- _What this task involves_
What do the lines say from the start of the entries through the one containing "Pool - The Humming Trees, Pala Lalam"? Repeat them exactly.

# # #

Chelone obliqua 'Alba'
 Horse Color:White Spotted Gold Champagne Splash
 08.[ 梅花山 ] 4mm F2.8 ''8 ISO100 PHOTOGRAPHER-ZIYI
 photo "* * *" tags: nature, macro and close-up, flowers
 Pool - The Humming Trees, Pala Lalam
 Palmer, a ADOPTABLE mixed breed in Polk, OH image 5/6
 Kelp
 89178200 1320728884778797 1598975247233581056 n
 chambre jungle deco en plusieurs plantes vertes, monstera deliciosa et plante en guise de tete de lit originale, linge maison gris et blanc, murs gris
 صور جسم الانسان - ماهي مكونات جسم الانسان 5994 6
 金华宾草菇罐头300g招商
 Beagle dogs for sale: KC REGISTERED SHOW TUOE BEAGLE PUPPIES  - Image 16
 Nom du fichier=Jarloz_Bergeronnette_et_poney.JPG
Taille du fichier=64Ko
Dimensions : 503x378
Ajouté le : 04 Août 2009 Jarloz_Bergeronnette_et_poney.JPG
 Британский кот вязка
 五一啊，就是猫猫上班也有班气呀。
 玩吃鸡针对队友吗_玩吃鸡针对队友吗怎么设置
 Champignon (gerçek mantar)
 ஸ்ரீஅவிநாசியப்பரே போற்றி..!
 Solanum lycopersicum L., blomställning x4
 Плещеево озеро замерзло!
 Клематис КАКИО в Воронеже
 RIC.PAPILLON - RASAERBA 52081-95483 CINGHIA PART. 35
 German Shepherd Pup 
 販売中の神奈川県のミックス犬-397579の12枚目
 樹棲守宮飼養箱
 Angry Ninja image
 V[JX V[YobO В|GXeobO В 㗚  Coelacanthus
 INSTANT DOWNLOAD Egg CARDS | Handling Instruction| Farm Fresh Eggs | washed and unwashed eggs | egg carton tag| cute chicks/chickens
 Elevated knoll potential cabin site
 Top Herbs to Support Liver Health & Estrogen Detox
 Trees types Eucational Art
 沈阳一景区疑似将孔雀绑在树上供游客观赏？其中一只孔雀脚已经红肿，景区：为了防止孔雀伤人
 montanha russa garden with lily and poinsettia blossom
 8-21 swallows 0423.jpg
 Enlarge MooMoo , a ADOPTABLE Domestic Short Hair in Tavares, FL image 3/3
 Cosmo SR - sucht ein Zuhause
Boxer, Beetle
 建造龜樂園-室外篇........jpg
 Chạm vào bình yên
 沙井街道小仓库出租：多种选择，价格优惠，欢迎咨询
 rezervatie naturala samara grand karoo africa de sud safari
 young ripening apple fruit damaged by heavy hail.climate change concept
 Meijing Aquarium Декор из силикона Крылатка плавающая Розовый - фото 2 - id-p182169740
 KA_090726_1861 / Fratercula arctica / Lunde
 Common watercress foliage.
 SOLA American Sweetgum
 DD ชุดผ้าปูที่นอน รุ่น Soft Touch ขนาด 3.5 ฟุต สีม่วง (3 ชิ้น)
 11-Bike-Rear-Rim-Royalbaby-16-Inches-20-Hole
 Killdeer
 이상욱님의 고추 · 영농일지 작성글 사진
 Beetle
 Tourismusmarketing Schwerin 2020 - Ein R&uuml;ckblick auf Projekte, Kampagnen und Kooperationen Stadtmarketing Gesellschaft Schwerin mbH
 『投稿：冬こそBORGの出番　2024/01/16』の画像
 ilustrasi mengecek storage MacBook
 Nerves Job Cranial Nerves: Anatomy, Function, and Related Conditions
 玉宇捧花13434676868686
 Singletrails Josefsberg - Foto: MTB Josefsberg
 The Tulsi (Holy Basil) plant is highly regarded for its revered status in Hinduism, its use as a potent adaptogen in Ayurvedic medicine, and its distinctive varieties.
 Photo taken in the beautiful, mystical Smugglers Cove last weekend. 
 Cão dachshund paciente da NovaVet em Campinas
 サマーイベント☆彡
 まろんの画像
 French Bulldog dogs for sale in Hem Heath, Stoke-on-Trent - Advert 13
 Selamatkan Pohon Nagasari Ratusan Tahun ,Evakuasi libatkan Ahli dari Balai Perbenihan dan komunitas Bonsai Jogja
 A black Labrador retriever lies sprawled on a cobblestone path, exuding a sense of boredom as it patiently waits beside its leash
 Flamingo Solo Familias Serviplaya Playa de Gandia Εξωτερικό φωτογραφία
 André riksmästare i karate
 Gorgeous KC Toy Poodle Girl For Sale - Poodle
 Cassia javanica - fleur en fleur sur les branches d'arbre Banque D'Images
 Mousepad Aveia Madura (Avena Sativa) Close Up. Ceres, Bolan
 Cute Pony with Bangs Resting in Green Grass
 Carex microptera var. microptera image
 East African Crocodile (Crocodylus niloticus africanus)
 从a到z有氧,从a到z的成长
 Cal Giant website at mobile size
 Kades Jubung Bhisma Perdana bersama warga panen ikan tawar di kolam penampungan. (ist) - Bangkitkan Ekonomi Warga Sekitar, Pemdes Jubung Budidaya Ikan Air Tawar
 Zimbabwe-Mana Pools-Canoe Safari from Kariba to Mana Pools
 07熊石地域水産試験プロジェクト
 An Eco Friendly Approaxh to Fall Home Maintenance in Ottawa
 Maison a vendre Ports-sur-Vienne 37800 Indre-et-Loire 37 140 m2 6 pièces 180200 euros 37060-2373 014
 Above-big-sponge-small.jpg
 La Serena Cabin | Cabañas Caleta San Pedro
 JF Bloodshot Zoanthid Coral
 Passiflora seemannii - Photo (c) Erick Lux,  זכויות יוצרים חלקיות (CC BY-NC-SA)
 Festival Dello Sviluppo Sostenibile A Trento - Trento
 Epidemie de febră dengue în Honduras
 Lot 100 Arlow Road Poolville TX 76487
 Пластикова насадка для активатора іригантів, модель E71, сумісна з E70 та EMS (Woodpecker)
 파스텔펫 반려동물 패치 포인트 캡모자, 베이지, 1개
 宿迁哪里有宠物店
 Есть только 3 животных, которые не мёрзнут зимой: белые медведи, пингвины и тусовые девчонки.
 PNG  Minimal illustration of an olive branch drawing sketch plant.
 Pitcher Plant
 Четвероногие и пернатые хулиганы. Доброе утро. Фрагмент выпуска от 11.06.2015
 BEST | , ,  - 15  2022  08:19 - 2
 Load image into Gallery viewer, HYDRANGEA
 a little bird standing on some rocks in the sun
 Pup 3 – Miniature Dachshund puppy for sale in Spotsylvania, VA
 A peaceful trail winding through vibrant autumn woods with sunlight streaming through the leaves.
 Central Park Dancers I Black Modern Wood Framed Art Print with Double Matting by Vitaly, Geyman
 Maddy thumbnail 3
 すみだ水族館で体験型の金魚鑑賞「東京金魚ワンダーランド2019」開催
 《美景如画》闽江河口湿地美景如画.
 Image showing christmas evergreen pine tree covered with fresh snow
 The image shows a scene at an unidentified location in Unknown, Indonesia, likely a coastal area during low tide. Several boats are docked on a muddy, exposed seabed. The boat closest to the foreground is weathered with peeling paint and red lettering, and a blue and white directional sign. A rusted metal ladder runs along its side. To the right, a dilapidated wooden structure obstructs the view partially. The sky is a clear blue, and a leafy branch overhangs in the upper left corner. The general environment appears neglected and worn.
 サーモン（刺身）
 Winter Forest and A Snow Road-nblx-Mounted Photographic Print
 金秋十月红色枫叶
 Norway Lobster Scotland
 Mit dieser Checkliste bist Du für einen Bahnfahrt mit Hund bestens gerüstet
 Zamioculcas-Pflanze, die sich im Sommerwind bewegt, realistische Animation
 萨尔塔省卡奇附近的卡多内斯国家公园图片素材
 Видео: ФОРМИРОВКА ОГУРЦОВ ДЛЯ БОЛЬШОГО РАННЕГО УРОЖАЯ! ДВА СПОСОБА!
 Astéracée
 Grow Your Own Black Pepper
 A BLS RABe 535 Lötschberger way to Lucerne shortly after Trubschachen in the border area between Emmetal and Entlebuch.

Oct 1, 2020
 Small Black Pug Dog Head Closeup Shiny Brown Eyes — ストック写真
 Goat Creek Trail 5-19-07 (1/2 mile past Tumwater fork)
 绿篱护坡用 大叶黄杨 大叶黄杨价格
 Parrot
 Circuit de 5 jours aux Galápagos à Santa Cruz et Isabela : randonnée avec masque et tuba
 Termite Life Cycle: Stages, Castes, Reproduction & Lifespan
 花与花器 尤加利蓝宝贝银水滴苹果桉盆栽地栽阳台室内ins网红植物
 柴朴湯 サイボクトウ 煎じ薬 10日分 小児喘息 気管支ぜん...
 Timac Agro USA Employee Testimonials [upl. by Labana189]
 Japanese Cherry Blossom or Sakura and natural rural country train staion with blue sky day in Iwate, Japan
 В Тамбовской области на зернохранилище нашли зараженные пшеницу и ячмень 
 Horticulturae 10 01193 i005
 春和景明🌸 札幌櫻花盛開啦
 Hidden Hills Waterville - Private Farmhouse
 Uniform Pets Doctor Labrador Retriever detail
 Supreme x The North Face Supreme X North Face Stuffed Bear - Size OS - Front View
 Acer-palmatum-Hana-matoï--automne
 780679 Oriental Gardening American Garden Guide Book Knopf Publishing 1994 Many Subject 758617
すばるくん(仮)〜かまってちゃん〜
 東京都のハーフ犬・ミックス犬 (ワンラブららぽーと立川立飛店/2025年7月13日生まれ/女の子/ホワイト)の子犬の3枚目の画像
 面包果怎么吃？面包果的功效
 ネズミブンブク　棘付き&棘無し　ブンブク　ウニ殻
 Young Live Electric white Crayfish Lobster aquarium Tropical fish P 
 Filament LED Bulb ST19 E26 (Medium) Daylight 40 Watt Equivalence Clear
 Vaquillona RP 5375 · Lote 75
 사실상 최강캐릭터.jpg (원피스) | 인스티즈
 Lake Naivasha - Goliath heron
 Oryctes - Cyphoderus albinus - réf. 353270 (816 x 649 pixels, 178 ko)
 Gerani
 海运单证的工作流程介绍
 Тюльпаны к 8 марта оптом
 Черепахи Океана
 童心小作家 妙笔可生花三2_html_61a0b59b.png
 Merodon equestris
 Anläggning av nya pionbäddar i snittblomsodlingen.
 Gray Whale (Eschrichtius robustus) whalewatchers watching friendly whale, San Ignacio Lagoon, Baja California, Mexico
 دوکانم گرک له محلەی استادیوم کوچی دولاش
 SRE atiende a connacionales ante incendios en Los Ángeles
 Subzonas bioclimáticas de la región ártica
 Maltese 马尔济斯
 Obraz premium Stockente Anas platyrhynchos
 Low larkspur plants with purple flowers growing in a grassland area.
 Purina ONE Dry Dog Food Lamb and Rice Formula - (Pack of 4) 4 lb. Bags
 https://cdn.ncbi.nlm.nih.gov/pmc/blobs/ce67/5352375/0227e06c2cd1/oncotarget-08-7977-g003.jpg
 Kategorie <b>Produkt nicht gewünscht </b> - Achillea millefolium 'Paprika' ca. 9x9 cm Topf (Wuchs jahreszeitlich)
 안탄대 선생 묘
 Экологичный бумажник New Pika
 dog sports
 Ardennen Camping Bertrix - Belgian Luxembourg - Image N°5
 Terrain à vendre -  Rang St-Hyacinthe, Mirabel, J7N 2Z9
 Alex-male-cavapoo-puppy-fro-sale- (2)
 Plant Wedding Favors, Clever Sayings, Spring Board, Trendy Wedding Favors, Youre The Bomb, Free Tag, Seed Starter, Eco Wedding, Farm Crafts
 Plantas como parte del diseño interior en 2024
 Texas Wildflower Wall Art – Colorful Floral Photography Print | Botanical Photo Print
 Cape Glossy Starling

# # #

- _Response for this exercise_
Chelone obliqua 'Alba'
 Horse Color:White Spotted Gold Champagne Splash
 08.[ 梅花山 ] 4mm F2.8 ''8 ISO100 PHOTOGRAPHER-ZIYI
 photo "* * *" tags: nature, macro and close-up, flowers
 Pool - The Humming Trees, Pala Lalam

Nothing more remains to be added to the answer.